== THE TASK ==
In the listing below, find the line that contains "a hotel room" and the line that contains "黑瓶啤酒的红色背景上的木制货架黑瓶啤酒的红色背景的木架子。色调和选择性焦点". Quote both and every line between them, exactly, and nothing more.

RECORDS TO PROCESS: Begin

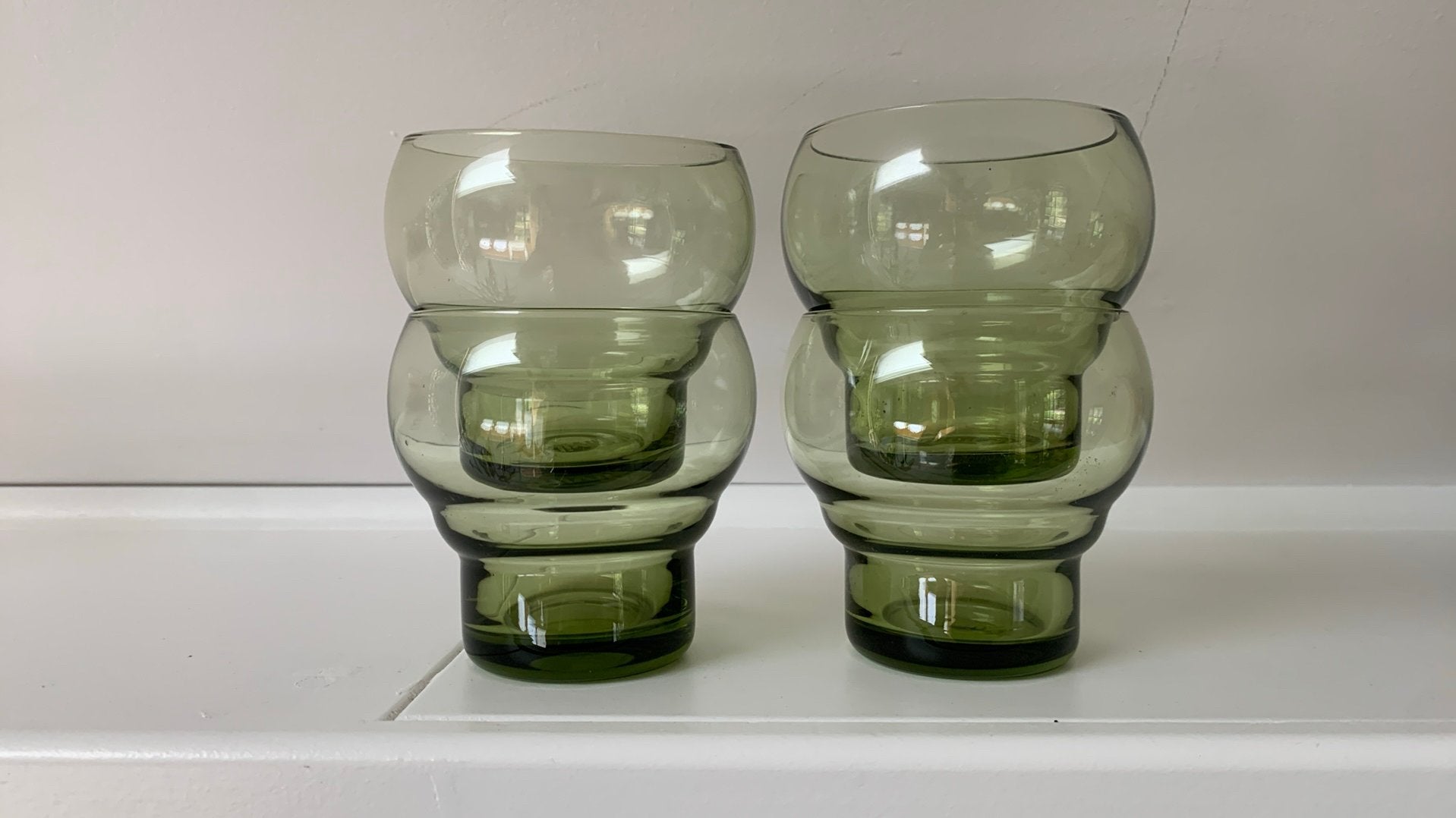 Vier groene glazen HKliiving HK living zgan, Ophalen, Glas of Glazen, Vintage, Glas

RECORDS TO PROCESS: End
RECORDS TO PROCESS: Begin

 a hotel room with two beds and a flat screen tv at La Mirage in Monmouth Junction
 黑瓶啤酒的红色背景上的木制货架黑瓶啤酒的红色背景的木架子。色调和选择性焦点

RECORDS TO PROCESS: End

== SOLUTION TO THIS EXERCISE ==
 a hotel room with two beds and a flat screen tv at La Mirage in Monmouth Junction
 黑瓶啤酒的红色背景上的木制货架黑瓶啤酒的红色背景的木架子。色调和选择性焦点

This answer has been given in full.